Ok, so use the flag to cap the I/O count and defer the decrement to
release. I think that should work and addresses the raciness issue. I'll
give it a try.

> We shouldn't have to check for XBF_ASYNC in xfs_buf_submit() - it is
> the path taken for async IO submission, so we should probably
> ASSERT(bp->b_flags & XBF_ASYNC) in this function to ensure that is
> the case.
> 

Yeah, that's unnecessary. There's already such an assert in
xfs_buf_submit(), actually.

> [Thinking aloud - __test_and_set_bit() might make this code a bit
> cleaner]
> 

On a quick try, this complains about b_flags being an unsigned int. I
think I'll leave the set bit as is and use a helper for the release,
which also provides a location to explain how the count works.

> > diff --git a/fs/xfs/xfs_buf.h b/fs/xfs/xfs_buf.h
> > index 8bfb974..e1f95e0 100644
> > --- a/fs/xfs/xfs_buf.h
> > +++ b/fs/xfs/xfs_buf.h
> > @@ -43,6 +43,7 @@ typedef enum {
> >  #define XBF_READ	 (1 << 0) /* buffer intended for reading from device */
> >  #define XBF_WRITE	 (1 << 1) /* buffer intended for writing to device */
> >  #define XBF_READ_AHEAD	 (1 << 2) /* asynchronous read-ahead */
> > +#define XBF_IN_FLIGHT	 (1 << 3)
> 
> Hmmm - it's an internal flag, so probably should be prefixed with an
> "_" and moved down to the section with _XBF_KMEM and friends.
> 

Indeed, thanks.

Brian

> Thoughts?
> 
> Cheers,
> 
> Dave.
> -- 
> Dave Chinner
> david@fromorbit.com
> 
> _______________________________________________
> xfs mailing list
> xfs@oss.sgi.com
> http://oss.sgi.com/mailman/listinfo/xfs
diff mbox

Patch

diff --git a/fs/xfs/xfs_buf.c b/fs/xfs/xfs_buf.c
index 4665ff6..45d3ddd 100644
--- a/fs/xfs/xfs_buf.c
+++ b/fs/xfs/xfs_buf.c
@@ -1018,7 +1018,10 @@  xfs_buf_ioend(
 
 	trace_xfs_buf_iodone(bp, _RET_IP_);
 
-	bp->b_flags &= ~(XBF_READ | XBF_WRITE | XBF_READ_AHEAD);
+	if (bp->b_flags & XBF_IN_FLIGHT)
+		percpu_counter_dec(&bp->b_target->bt_io_count);
+
+	bp->b_flags &= ~(XBF_READ | XBF_WRITE | XBF_READ_AHEAD | XBF_IN_FLIGHT);
 
 	/*
 	 * Pull in IO completion errors now.
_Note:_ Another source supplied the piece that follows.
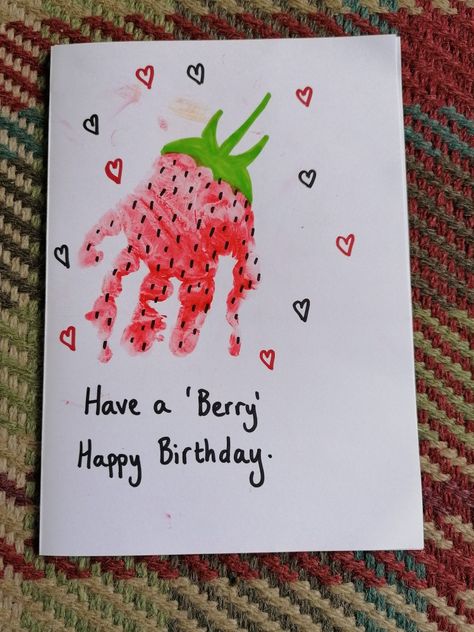 Aunt Birthday Cards Homemade, Birthday Footprint Art Grandparents, Birthday Card Infant Art, Footprint Art For Birthday, Hand Print Birthday Card Grandparents, Birthday Cards From Infants, Birthday Card From Infant, Happy Birthday Hand Print Art, Homemade Grandma Birthday Card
We are guaranteed to be running
@@ -1341,6 +1344,11 @@  xfs_buf_submit(
 	 * xfs_buf_ioend too early.
 	 */
 	atomic_set(&bp->b_io_remaining, 1);
+	if (bp->b_flags & XBF_ASYNC) {
+		percpu_counter_inc(&bp->b_target->bt_io_count);
+		bp->b_flags |= XBF_IN_FLIGHT;
+	}
+
 	_xfs_buf_ioapply(bp);
 
 	/*
@@ -1533,6 +1541,8 @@  xfs_wait_buftarg(
 	 * ensure here that all reference counts have been dropped before we
 	 * start walking the LRU list.
 	 */
+	while (percpu_counter_sum(&btp->bt_io_count))
+		delay(100);
 	drain_workqueue(btp->bt_mount->m_buf_workqueue);
 
 	/* loop until there is nothing left on the lru list. */
@@ -1629,6 +1639,8 @@  xfs_free_buftarg(
 	struct xfs_buftarg	*btp)
 {
 	unregister_shrinker(&btp->bt_shrinker);
+	ASSERT(percpu_counter_sum(&btp->bt_io_count) == 0);
+	percpu_counter_destroy(&btp->bt_io_count);
 	list_lru_destroy(&btp->bt_lru);
 
 	if (mp->m_flags & XFS_MOUNT_BARRIER)
@@ -1693,6 +1705,9 @@  xfs_alloc_buftarg(
 	if (list_lru_init(&btp->bt_lru))
 		goto error;
 
+	if (percpu_counter_init(&btp->bt_io_count, 0, GFP_KERNEL))
+		goto error;
+
 	btp->bt_shrinker.count_objects = xfs_buftarg_shrink_count;
 	btp->bt_shrinker.scan_objects = xfs_buftarg_shrink_scan;
 	btp->bt_shrinker.seeks = DEFAULT_SEEKS;
diff --git a/fs/xfs/xfs_buf.h b/fs/xfs/xfs_buf.h
index 8bfb974..e1f95e0 100644
--- a/fs/xfs/xfs_buf.h
+++ b/fs/xfs/xfs_buf.h
@@ -43,6 +43,7 @@  typedef enum {
 #define XBF_READ	 (1 << 0) /* buffer intended for reading from device */
 #define XBF_WRITE	 (1 << 1) /* buffer intended for writing to device */
 #define XBF_READ_AHEAD	 (1 << 2) /* asynchronous read-ahead */
+#define XBF_IN_FLIGHT	 (1 << 3)
 #define XBF_ASYNC	 (1 << 4) /* initiator will not wait for completion */
 #define XBF_DONE	 (1 << 5) /* all pages in the buffer uptodate */
 #define XBF_STALE	 (1 << 6) /* buffer has been staled, do not find it */
@@ -115,6 +116,8 @@  typedef struct xfs_buftarg {
 	/* LRU control structures */
 	struct shrinker		bt_shrinker;
 	struct list_lru		bt_lru;
+
+	struct percpu_counter	bt_io_count;
 } xfs_buftarg_t;
 
 struct xfs_buf;